TIRZEPATIDE, a dual GIP and GLP-1 receptor agonist already widely used in Type 2 diabetes and obesity management, is gaining interest for use in people with Type 1 diabetes (T1D) who also have obesity. Obesity in T1D can worsen insulin resistance and heighten cardiometabolic risk, emphasising the need for effective therapeutic options. A new real-world study from a UK tertiary centre sheds light on tirzepatide’s impact in this setting, revealing meaningful clinical outcomes. A key finding was a near 10% reduction in body weight after 6 months of treatment.
This longitudinal, retrospective study reviewed data from 57 patients with T1D who were initiated on tirzepatide. Researchers extracted information from case notes and continuous glucose monitoring (CGM) cloud platforms to assess weight, insulin use, glycaemic control, adverse events, and hospital admissions. Two-tailed paired t-tests were used to compare clinical metrics before and after 6 months of treatment. Pearson’s correlation was applied to explore associations between weight change and glycaemic improvement.
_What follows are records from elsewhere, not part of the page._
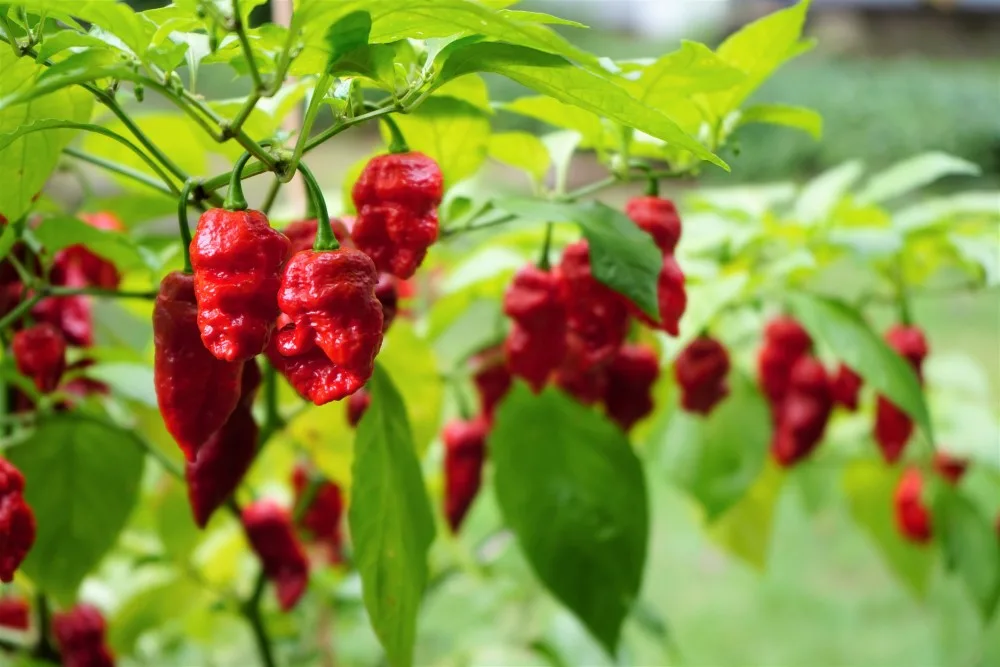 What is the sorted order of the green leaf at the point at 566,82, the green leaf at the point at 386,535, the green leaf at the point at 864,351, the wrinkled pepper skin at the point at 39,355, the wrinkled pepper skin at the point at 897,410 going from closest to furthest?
the green leaf at the point at 566,82 → the green leaf at the point at 386,535 → the wrinkled pepper skin at the point at 39,355 → the green leaf at the point at 864,351 → the wrinkled pepper skin at the point at 897,410

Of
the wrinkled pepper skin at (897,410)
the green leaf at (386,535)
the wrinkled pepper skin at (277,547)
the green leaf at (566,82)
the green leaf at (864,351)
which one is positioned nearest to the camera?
the green leaf at (566,82)

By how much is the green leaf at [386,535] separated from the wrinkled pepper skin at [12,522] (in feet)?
0.55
After 6 months of tirzepatide use, the mean weight loss was 9.8 kg (9.3%; p<0.001; n=42). Total daily insulin dose decreased significantly by 25.2%, from 74.4 to 57.3 units (p<0.001; n=27), with both basal and bolus doses showing substantial reductions. HbA1c dropped by an average of 3.7 mmol/mol (p=0.008; n=33). Notably, there was no significant correlation between the degree of weight loss and improvements in CGM-derived glycaemic metrics. Side effects were reported by 37% of participants, with nausea and abdominal pain being most common. Nonetheless, 88% remained on treatment at 6 months. Three individuals were hospitalised due to gastrointestinal symptoms, but there were no cases of pancreatitis.
This early real-world evidence suggests tirzepatide may offer substantial benefits in people with T1D and obesity, including significant weight loss, lower insulin requirements, and modest improvements in glycaemic control, without a rise in hypoglycaemia. However, limitations include the retrospective design, small sample size for some metrics, and lack of a control group. Further randomised controlled trials in T1D are essential to confirm safety and efficacy. For clinicians managing T1D in the context of obesity, these findings offer cautious optimism and support the considered use of tirzepatide under close supervision.
Reference
Berry SA et al. Tirzepatide as an adjunctive therapy in type 1 diabetes: real-world experience from a large UK centre. Abstract 825. EASD 2025. 15-19 September, 2025.